Auto-scaling in Kubernetes covers two concepts:

  • Auto-scaling the number of replicas (pods) in a deployment, which is driven by a metric, such as CPU, memory, or other custom metrics.
  • Auto-scaling clusters, which is driven by pod scheduling. If pods can’t be scheduled, auto-scaler adds node to the node pool, and removes them when cluster is over-provisioned.

How scaling works

The first component of auto-scaling is pod auto-scaling. The pod auto-scaler monitors a metric from a resource and calculates the desired scale. As long as the metric is within a range, the scale doesn’t change.

First step

When the metric goes beyond a given metric, the pod auto-scaler adjusts the scale. There are multiple strategies to adjust, a common one is to increase the current scale by one - therefore the deployment desired replicas is increased to 3:

Second step

The total resources required by the pods (1.5 CPUs) is increased beyond the available resources (1 CPU), so the pod can’t be scheduled on an existing node.

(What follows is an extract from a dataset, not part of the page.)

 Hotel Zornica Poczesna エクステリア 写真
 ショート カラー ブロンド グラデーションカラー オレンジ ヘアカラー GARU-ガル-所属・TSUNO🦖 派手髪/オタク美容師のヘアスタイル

The cluster auto-scaler notices that situation and adds a node to the node pool ; to which the pod gets scheduled:

Third step

If the metric goes beyond a certain target, the pod auto-scaler might decide to scale down the number of desired replicas in the deployment. One of the pod gets deleted:

Fourth step

After some time, the cluster auto-scaler notices that one of the nodes is empty, and removes it from the pool:

Fifth step

Scaling deployments with the Horizontal Pod Auto-scaler

The standard way to scale pods is through the Horizontal Pod Autoscaler. The auto-scaler targets a deployment and any metric of the Kubernetes metrics API, then scales deployments up and down based on configured rules.

Out of the box it can mainly target CPU and memory utilization. But the metrics API can be extended with custom metrics adapters. For example, there is one for Azure that can use any random metric in the Azure Monitor. There is one for Prometheus as well, and there seems to be some for the other clouds.

Unfortunately the metrics adapter for Azure can’t really be used for Azure Storage Queues at the moment1. If what is needed is a metric that isn’t proposed by one of these adapters, it’s pretty easy to extend the metrics API. Kidnap Brendan Burns and get him to build it.

The alternative is to use the Kubernetes API to handle scale.

Scaling deployments with the Kubernetes API

The Kubernetes API is accessible from a pod, so it can be used for that. The strategy there consists in building a monitor for the metric, which will then reconfigure the deployment to the required scale.

Kubernetes officially supports client SDKs for Go and Python, but there is one for .net as well (although it is a beta).

I built an extensible autoscaler that does just that. It comes with a metrics adapter for Azure Storage Queues, and will scale deployments up or down based on configurable target values.

Cluster auto-scaler

The Kubernetes cluster auto-scaler increases or decreases the number of nodes in a node pool based on pod scheduling. For that purpose, it is important that pod specify the compute resources they use.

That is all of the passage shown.